Mission 188 took place on Friday 16 February 1945 with the target to be the synthetic oil refinery at Gelsenkirchen, Germany.  The group and wing assembly were accomplished without difficulty and the bomb run was in squadron formation.  Haze, low fog and contrails made visual bombing impossible so bombs were dropped using G-H equipment.

1st Lt.

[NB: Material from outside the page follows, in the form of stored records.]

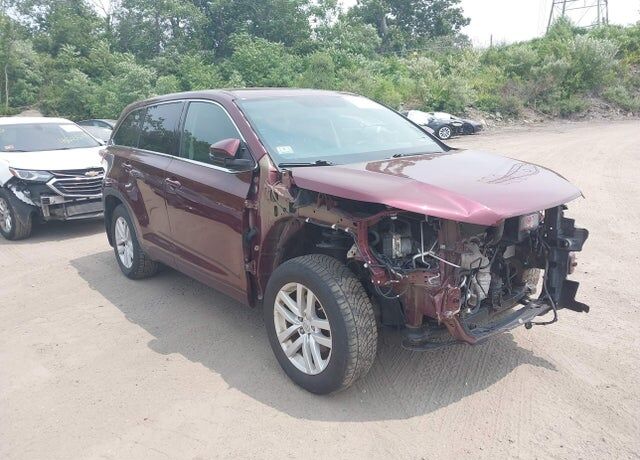 2014 TOYOTA Highlander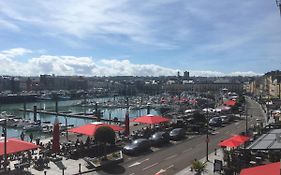 Entre Port Et Plage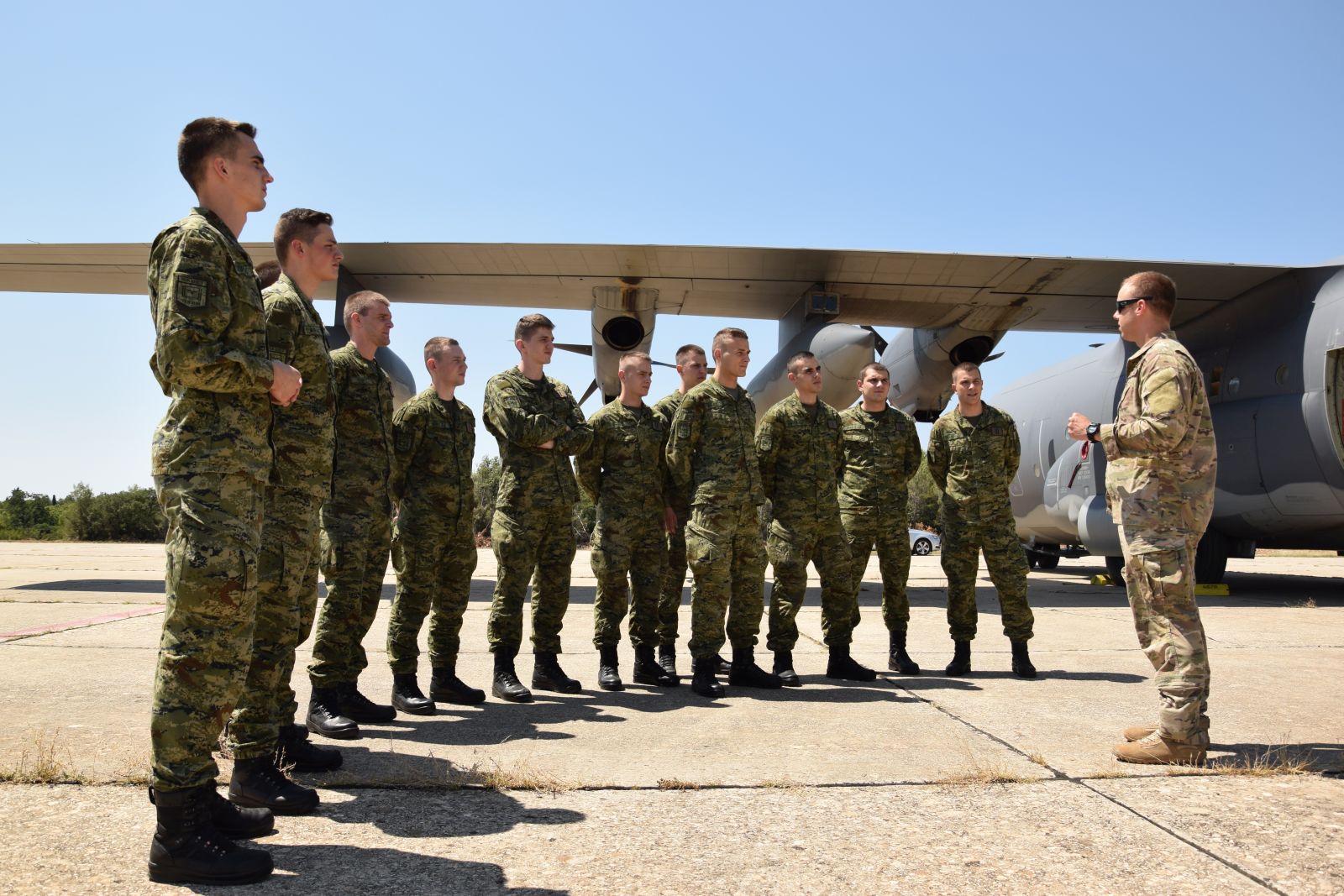 Američka posada MC-130 stigla u vojnu bazu Zemunik Američka posada MC-130 stigla u vojnu bazu Zemunik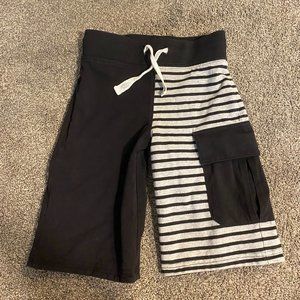 Peekaboo Beans Boys Shorts Size 4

Roland Hoyt Brazier and his crew of nine were flying the deputy lead of the low box.  Their aircraft was a B-17 Flying Fortress with serial number 44-6831.  Their route to the target was to be at 22,000 feet altitude by way of Holland and Belgium.  At about noon and over the target, the aircraft was hit with intense, accurate and continuously pointed and barrage flak.  Their plane took a direct hit to the wing near the number 3 engine.  See right hand corner of photo below as the damaged aircraft falls from the formation.

The right wing then folded up, broke off and crashed to the ground.  Brazier struggled to gain control of the aircraft.  The burning plane turned over on its back and continued to roll, completing two slow rolls.  It then went down into a spin which was followed by a large explosion.  Eyewitnesses saw the aircraft until it was about 3,000 to 4,000 feet below the formation when it was lost from sight by the contrails.  Four crewmembers were able to parachute to safety.  The six other crewmen were killed.  The wreckage crashed near Castrop-Rauxel near what Brazier described as “a group of trees near an old castle looking building surrounded by a mote.  The place was near several railroad tracks and about 3 kilometers from a town.”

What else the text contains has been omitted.